MATERIAL FOR THIS EXERCISE

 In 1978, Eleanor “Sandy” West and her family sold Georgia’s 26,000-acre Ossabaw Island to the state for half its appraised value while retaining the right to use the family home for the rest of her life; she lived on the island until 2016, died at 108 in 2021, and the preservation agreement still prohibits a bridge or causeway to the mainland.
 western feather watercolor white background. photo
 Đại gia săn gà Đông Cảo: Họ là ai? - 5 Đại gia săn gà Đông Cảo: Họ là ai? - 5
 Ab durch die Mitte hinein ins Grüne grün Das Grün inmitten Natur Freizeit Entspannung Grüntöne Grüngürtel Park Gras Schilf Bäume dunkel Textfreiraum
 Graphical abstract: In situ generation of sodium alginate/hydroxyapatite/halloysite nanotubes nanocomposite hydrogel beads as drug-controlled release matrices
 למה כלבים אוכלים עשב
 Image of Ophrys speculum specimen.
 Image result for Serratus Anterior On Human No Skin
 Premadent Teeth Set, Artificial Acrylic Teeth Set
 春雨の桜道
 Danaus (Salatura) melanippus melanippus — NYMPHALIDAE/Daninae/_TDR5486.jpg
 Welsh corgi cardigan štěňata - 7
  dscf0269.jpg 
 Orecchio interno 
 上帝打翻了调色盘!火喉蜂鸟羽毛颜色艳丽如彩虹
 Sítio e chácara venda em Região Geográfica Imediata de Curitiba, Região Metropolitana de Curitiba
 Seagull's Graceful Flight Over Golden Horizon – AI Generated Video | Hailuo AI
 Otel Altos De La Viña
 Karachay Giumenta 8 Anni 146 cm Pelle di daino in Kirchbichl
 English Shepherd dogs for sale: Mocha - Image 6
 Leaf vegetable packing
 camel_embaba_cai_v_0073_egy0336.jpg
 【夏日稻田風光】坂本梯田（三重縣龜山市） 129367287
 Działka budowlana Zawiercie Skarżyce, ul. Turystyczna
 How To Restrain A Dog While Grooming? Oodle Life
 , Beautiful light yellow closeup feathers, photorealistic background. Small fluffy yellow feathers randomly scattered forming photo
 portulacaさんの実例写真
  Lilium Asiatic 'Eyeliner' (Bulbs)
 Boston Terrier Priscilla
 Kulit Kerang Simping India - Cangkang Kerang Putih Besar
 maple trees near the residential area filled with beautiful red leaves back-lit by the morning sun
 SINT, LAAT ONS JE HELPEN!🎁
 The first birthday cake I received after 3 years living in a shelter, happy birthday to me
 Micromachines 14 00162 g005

YOUR OBJECTIVE
Your answer should be all lines from the data that contain "Image".

COMPLETED TASK
 Image of Ophrys speculum specimen.
 Image result for Serratus Anterior On Human No Skin
 English Shepherd dogs for sale: Mocha - Image 6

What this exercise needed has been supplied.